Post facts that opened your eye.

I know. It would solve the health care crisis if everyone would die before that.

Are you volunteering?

His demonstration was in *support *of his assertion. And so did not demonstrate enough.

Gavagai!

I have read that the number of intestinal fauna that you’ll have in your guts over the course of your life is greater than the number of human beings who have ever lived. Most of you, of course, is not actually you. You don’t even fart your own farts; you outsource that.

It demonstrated the minimum necessary to support the claim. That is sufficient.

This is only true on terms of cell count. In terms of biomass, it’s not even close. Unless, by “you” you mean the mind, in which case all of your mass isn’t you. Or something.

Well, I think the cite I read was including, say, mitochondria.

When I was 8 or 9, our family was at my favorite swimming pool. I was tooling around with my face half in the water - my eyes were just above water level. Everything looked so neat from that perspective, that I wished my parents could see it. And then it hit me - they don’t have my eyes in my head, so they’ll never see anything exactly the same way as I do. Whoa. As I grew older, that realization expanded to my thoughts and feelings as well. Not one other person will ever see things exactly the way I do. Mind-blowing to a kid.

I see your point. Oh wait…

Don’t fret, a lot of really deep things like that are right-brained spacial rather than left-brain verbal (God the father vs. Logos the Son??). The best art is for example.

I don’t understand your point of saying this. My post was meant to demonstrate that average <> median but it looks like you are trying to tell me the same thing.

I was demonstrating how the average could be less than 2. Had I included people without legs that would only drop the average even further. If you really wanted to correct me, you would need to point out that I hadn’t included people with 4 or more legs as they would raise the average. In short, no I didn’t include every count of legs and then do a weighted average. But pointing out that I didn’t include a group that would only strengthen the original claim seems strange to me.

Two things. First, it wasn’t my assertion. Once again, I was merely demonstrating how it is possible. Second, see above. If I didn’t demonstrate enough because I didn’t include all counts of legs, why in the world would you point out the group that would only strengthen the original assertion?

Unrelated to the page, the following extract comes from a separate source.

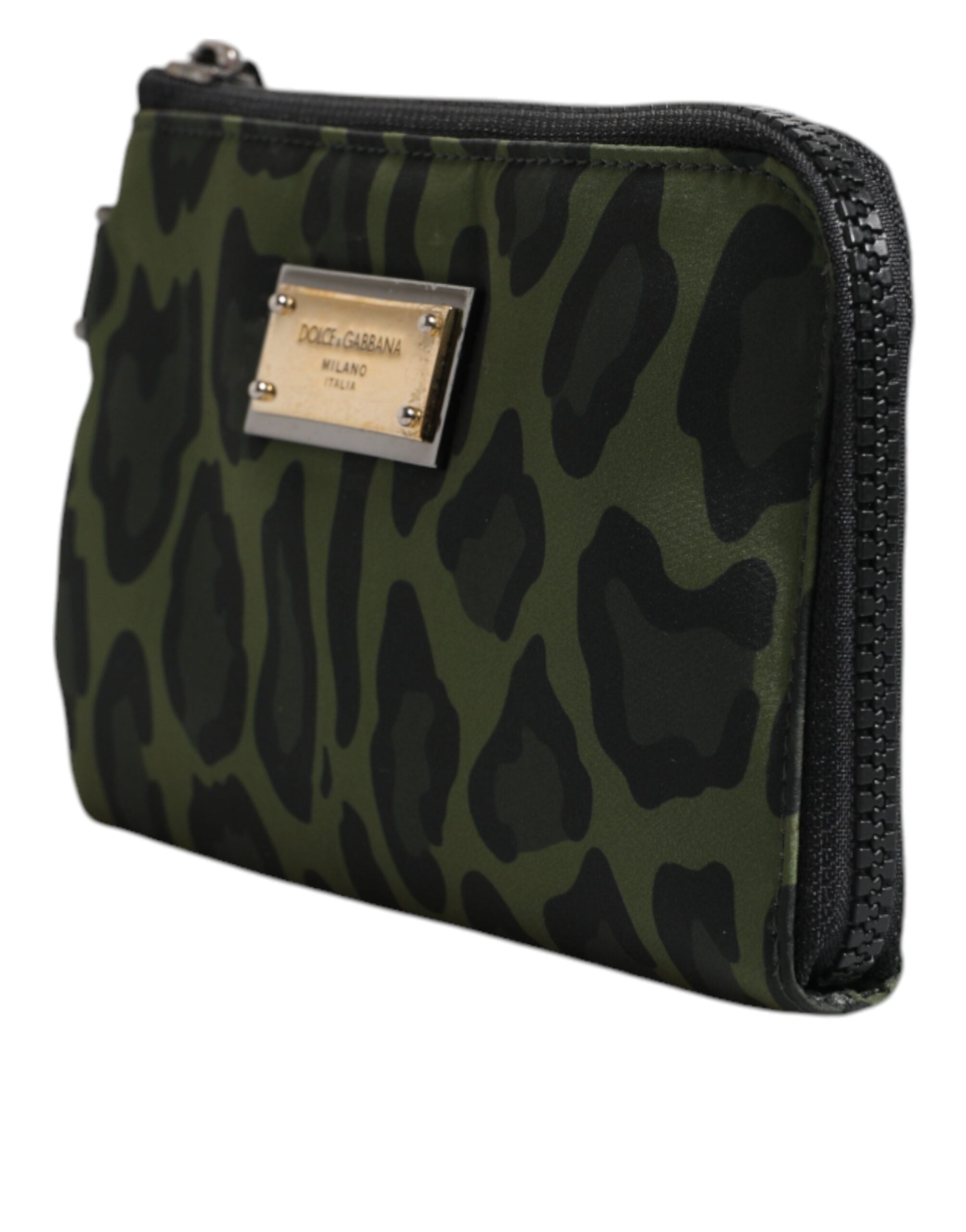 Dolce & Gabbana Grüne Leopardenleder-Logo-Plakette Multifunktions-Kit-Tasche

To die before my last two years of life? Sure, once I get the paradox worked out. :slight_smile:

Yeah I’m not getting how an example given to explain a point is suddenly required to include every possible scenario of the real situation the example is being used to explain.

How many people are needed so you can live an average day. Everyone that has anything to do with getting your food, furniture, houses, roads, cars, computers, clothes, etc. etc. etc. Must be over 10 million when you think about it.

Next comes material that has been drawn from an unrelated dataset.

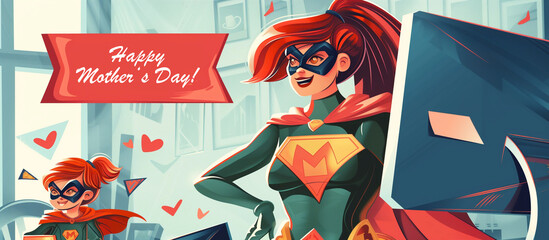 Mother's Day Special: Superhero Mom and Daughter IT experts, Ideal for Empowerment Campaigns, Text "Happy Mother's Day!", Generative AI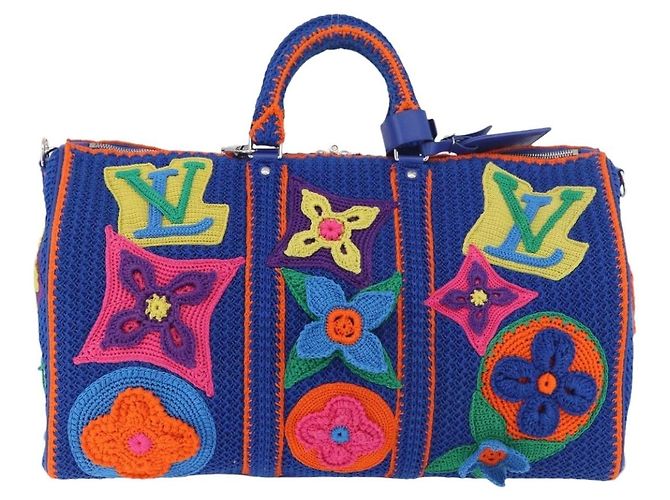LOUIS VUITTON Monogram Flower Keepall Bandouliere 50 Blue M21895 Auth 167265SM Monogramma - view 13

My eye-opening realization: that both of my daughters, now ages 1 and 3, are not as far removed from their freshman years of college as I am. :eek:

This and the realization of just how far most of us are from being able to forage for ourselves should something devastating happen to interrupt the food supply.

Along similar lines:

Practically everything man-made you see was the result of someone somewhere sometime sitting down and designing it. Or at least specced it out (like the dimensions of an asphalt parking lot). And then someone had to put it together. Everything from buildings to cars to paper clips to q-tips to thumbtacks to bicycles to airplanes to shoelaces to belts to…

Or maybe it was put together by an automated system. In which case, someone had to sit down and design a thing to automatically build some other thing. And someone had to build that.

As a consequence of the above, if I’m every flipping around channels and come across “How it’s made” on the Discovery channel, I’m usually glued to it. Watching raw materials go in one end of a machine and have finished {whatever}s come out the other end without ever being touched by human hands…it’s fascinating.

Just to take it a small step further…

Every man-made object was the product of someone’s imagination. This keyboard that I’m typing at right now started as a thought in someone’s head.

In fact, every person started out as simply a thought in someone’s head (something along the lines of “wow, I’m horny.”)

So we’re all just the product of imagination.

Definitely. On the other hand, this is not due to any loss of our foraging capabilities under civilization, but rather there being so many people. I’d guess that if there were only as many people around as there were during much of prehistory, and the former game species were not mostly depopulated, the average person wouldn’t starve if they were in a non-desert temperate environment.